Le Myanmar a verrouillé la moitié de sa plus grande ville, Yangon, et a interrompu les déplacements entre les régions dans le but d'arrêter la propagation rapide du coronavirus.

Le chef civil du Myanmar, Daw Aung San Suu Kyi, qui a suspendu les comparutions électorales à cause du virus, a exhorté le public à suivre les protocoles sanitaires à mesure que les nouvelles restrictions entreront en vigueur.

« Vous devez tous suivre les règles et sinon, nous prendrons des mesures légales », a-t-elle déclaré jeudi dans un discours télévisé à l'échelle nationale. « La loi n'est pas de punir les gens. C’est pour protéger la stabilité de la société.  »

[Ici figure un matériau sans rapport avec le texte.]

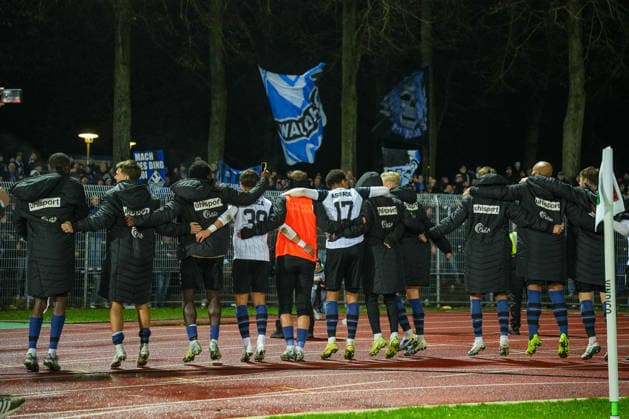 Fussball: 3. Liga, Finalspiel 1, 1. FC Schweinfurt 05 - SV Waldhof Mannheim am 29.11.2025 in Schweinfurt (Sachs-Stadion ), Deutschland, Saison 2025 2026: DFB DFL REGULATIONS PROHIBIT ANY USE OF PHOTOGRAPHS as IMAGE SEQUENCES and or QUASI-VIDEO: Die Mannschaft von Waldhof Mannheim feiert mit den Fans den Auswärtserfolg. Schweinfurt Sachs-Stadion Deutschland Copyright: xChristophxKinzingerx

La flambée des taux d'infection inquiète les responsables de la santé au Myanmar. Le nombre de cas confirmés a été multiplié par cinq en moins de trois semaines, atteignant 2265 vendredi matin, selon les chiffres du gouvernement. Le nombre de décès a plus que doublé au cours des huit derniers jours, pour atteindre 14.

Le chef de l'hôpital général de Yangon, le Dr Maw Maw Oo, a déclaré que les lits seraient bientôt à pleine capacité et que les agents de santé devaient être mis en quarantaine après des expositions.

« Si le taux continue d’augmenter de cette façon, je ne pense pas que nous pourrons le contrôler », a-t-il déclaré.

Dans d'autres développements à travers le monde:

  • Inde Vendredi, a signalé un record de 96 551 nouveaux cas de coronavirus, poussant le nombre total de cas du pays à plus de 4,5 millions, selon une base de données du New York Times. Plus de 76 000 décès ont été liés à Covid-19.
  • France, qui lutte contre une résurgence du virus, a rapporté jeudi un record quotidien de nouveaux cas. Le ministère français de la Santé a déclaré qu'il y avait eu 9 843 cas au cours des dernières 24 heures. Les admissions à l'hôpital ont également augmenté, avec 5 096 patients traités pour le virus, plus de 600 d'entre eux décrits comme ayant des infections potentiellement mortelles.
  • L'audience d'extradition américaine à Londres pour Julian Assange, le fondateur de WikiLeaks, reprendra lundi L'audience a été reportée jeudi par crainte qu'un avocat impliqué dans l'affaire n'ait été en contact avec une personne atteinte du coronavirus, mais l'avocat a été testé négatif.